Source material below:
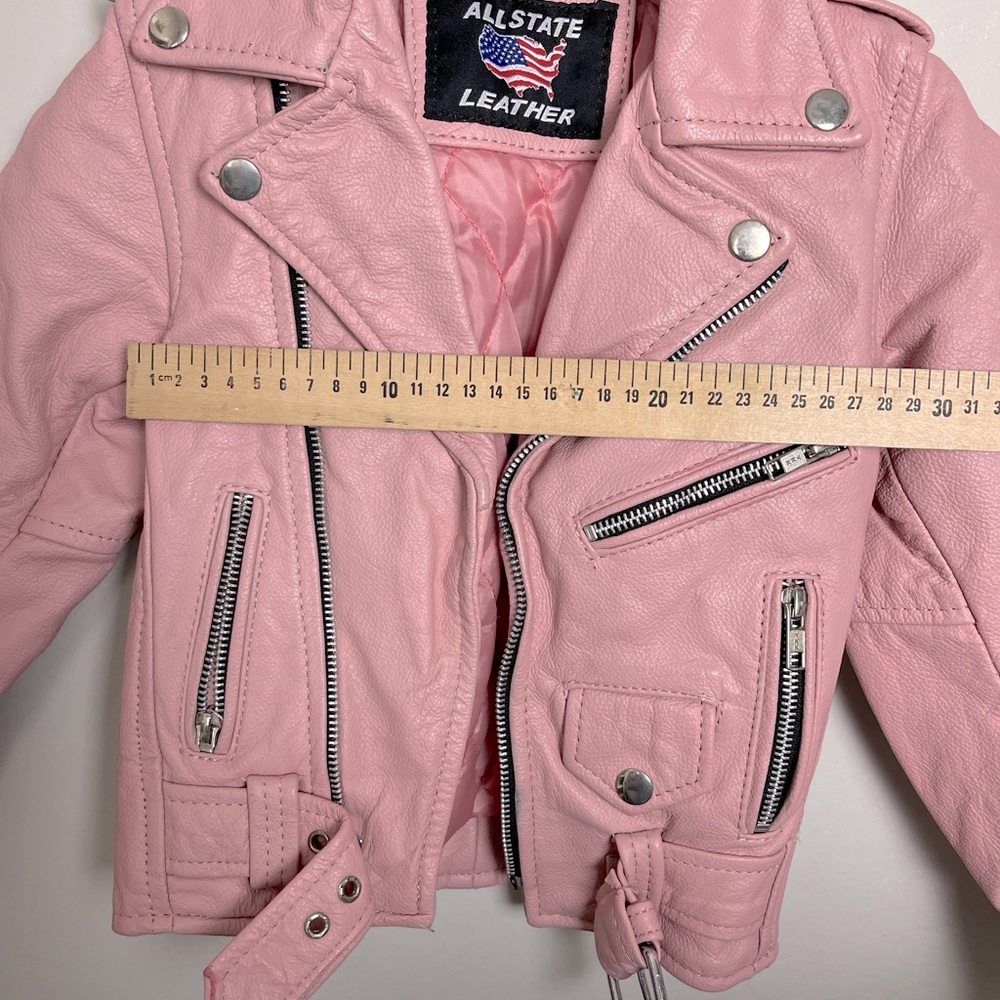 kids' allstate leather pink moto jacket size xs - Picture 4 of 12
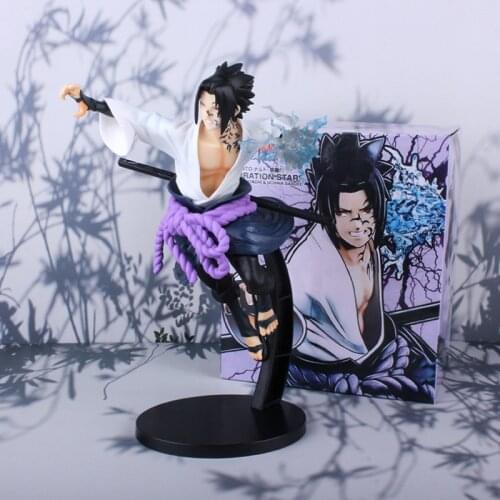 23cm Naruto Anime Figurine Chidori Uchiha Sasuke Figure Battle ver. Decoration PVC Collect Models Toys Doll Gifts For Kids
End of Source material.
Source material below:
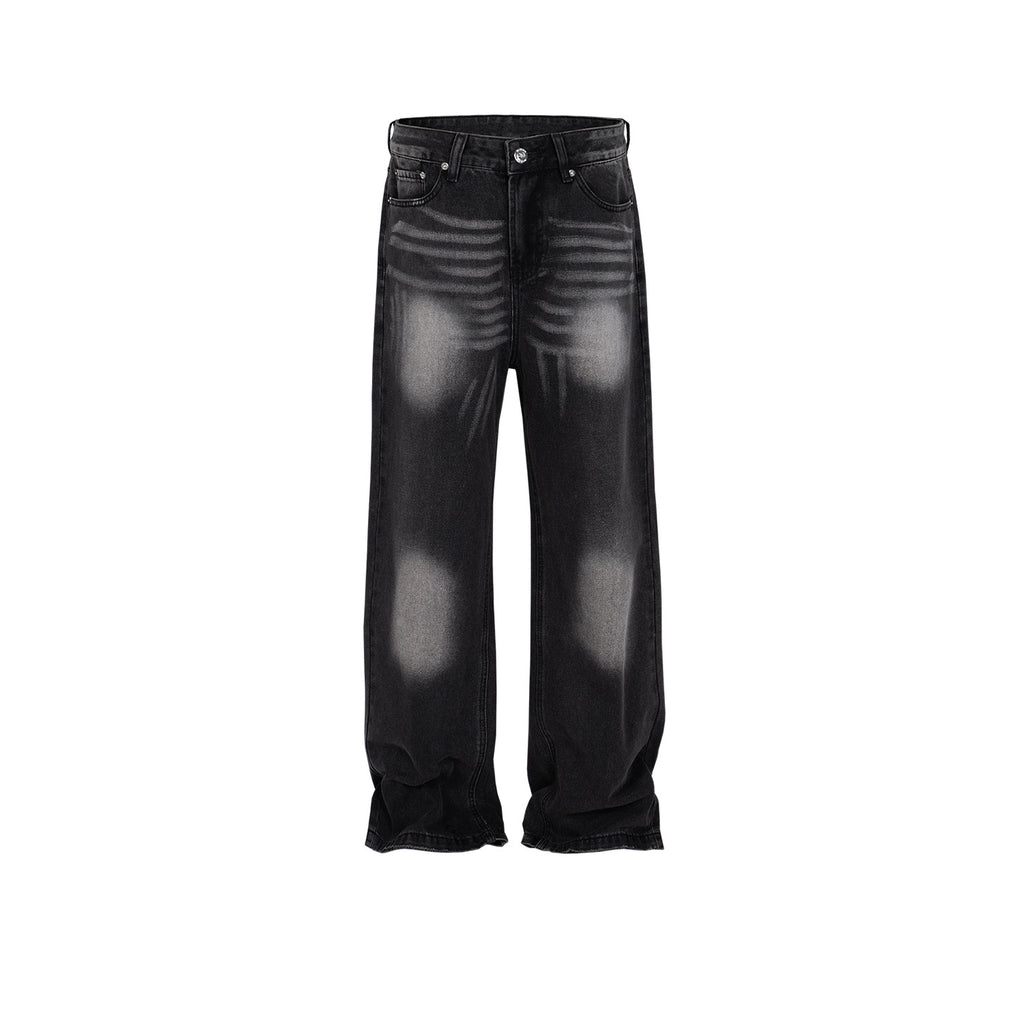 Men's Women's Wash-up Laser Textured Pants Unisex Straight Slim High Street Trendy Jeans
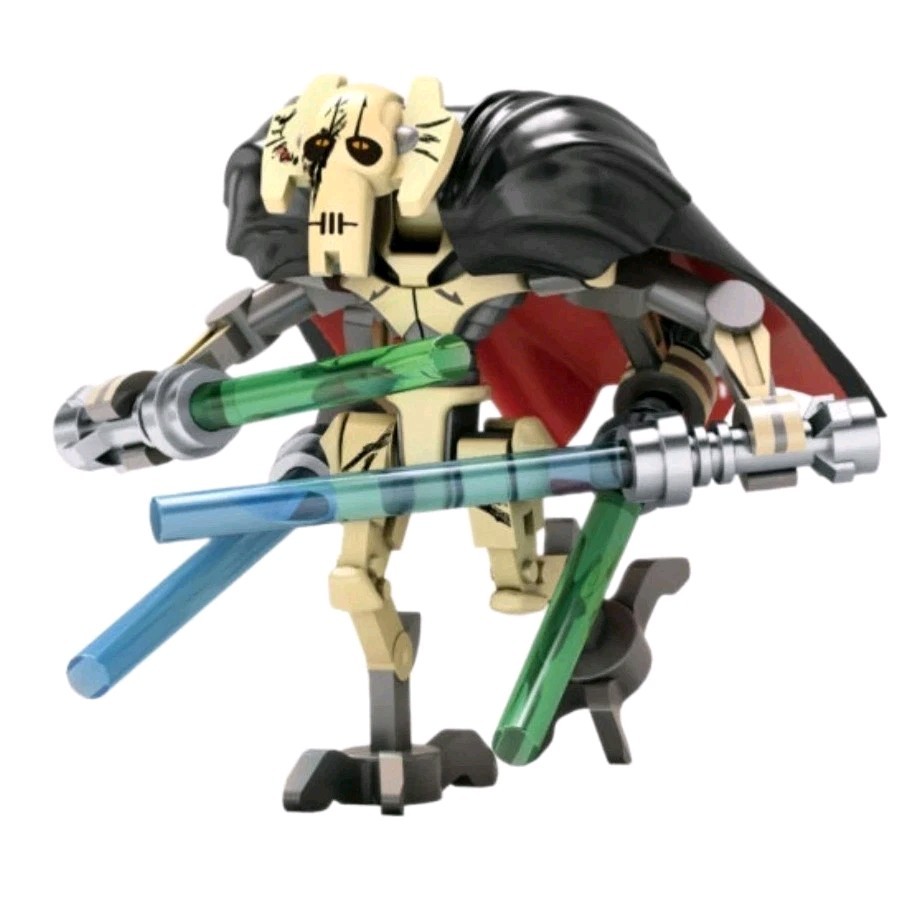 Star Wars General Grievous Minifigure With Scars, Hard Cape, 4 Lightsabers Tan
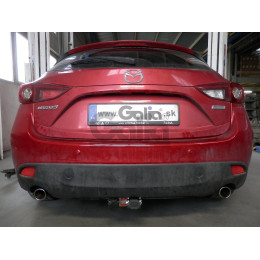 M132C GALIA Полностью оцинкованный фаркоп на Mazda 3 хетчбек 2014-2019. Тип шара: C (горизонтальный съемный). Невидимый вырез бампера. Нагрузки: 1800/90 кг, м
End of Source material.
### Action item
Given the entries above, transcribe exactly the lines from the one holding "kids' allstate leather" through the one holding "23cm Naruto Anime"; pictures do not belong in the transcription.

### Result below
 kids' allstate leather pink moto jacket size xs - Picture 4 of 12
 23cm Naruto Anime Figurine Chidori Uchiha Sasuke Figure Battle ver. Decoration PVC Collect Models Toys Doll Gifts For Kids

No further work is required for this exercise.